The goal of object segmentation is to produce a pixel level segmentation of different object categories. It is challenging as the objects may appear in various backgrounds and in different visual conditions. CRFs [19] model the conditional distribution of labels given observations, and represents the state-of-the-art in image/object segmentation [34, 32, 10, 24, 27, 15]. The max-margin principle has also been applied to predict structured outputs, including SSVMs [36], and max-margin Markov networks [35]. These three methods share similarities when viewed as optimization problems using different loss functions. Szummer et al. [34] proposed to learn linear coefficients of CRFs potentials using SSVMs and graph cuts. To date, most of these methods assume a pre-defined parametric model for the potential functions, and typically only the linear coefficients of the parametric model are learned.
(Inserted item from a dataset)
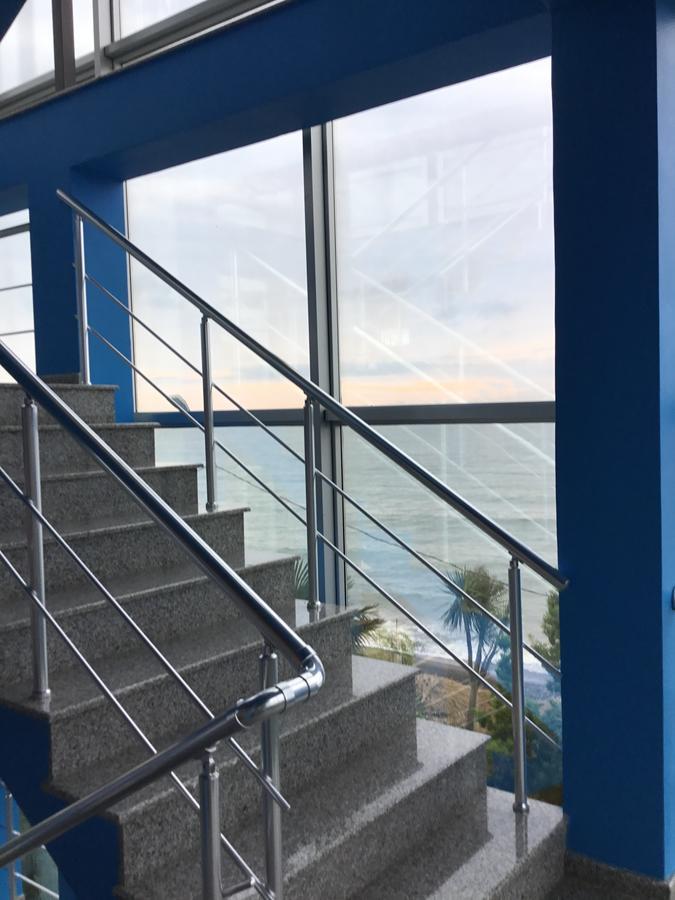 Sunny Land Hotel 查克维 外观 照片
This can greatly limit the flexibility of the model capability of CRFs, and thus calls for effective methods to incorporate nonlinear nonparametric models for learning the potential functions in CRFs.

As similar in standard support vector machines (SVMs), nonlinearity can be achieved by introducing nonlinear kernels for SSVMs. However, the time complexity of nonlinear SVMs is roughly $O(n^{3.5})$ with $n$ being the number of training data examples. This time complexity is problematic for SSVMs, where the number of constraints grows exponentially in the description length of the label ${\bf y}$ . Moreover, nonlinear functions can significantly slow down the test time in most cases. Because of these reasons, currently most SSVMs applications use linear kernels (or linear parametric potential functions in CRFs), despite the fact that nonlinear functions usually deliver more promising prediction accuracy. In this work, we address this issue by combining CRFs with nonparametric decision trees. Both CRFs and decision trees have gained tremendous success in computer vision. Decision trees are capable of modelling complex relations and generalize well on test data. Unlike kernel methods, decision trees are fast to evaluate and can be used to select informative features.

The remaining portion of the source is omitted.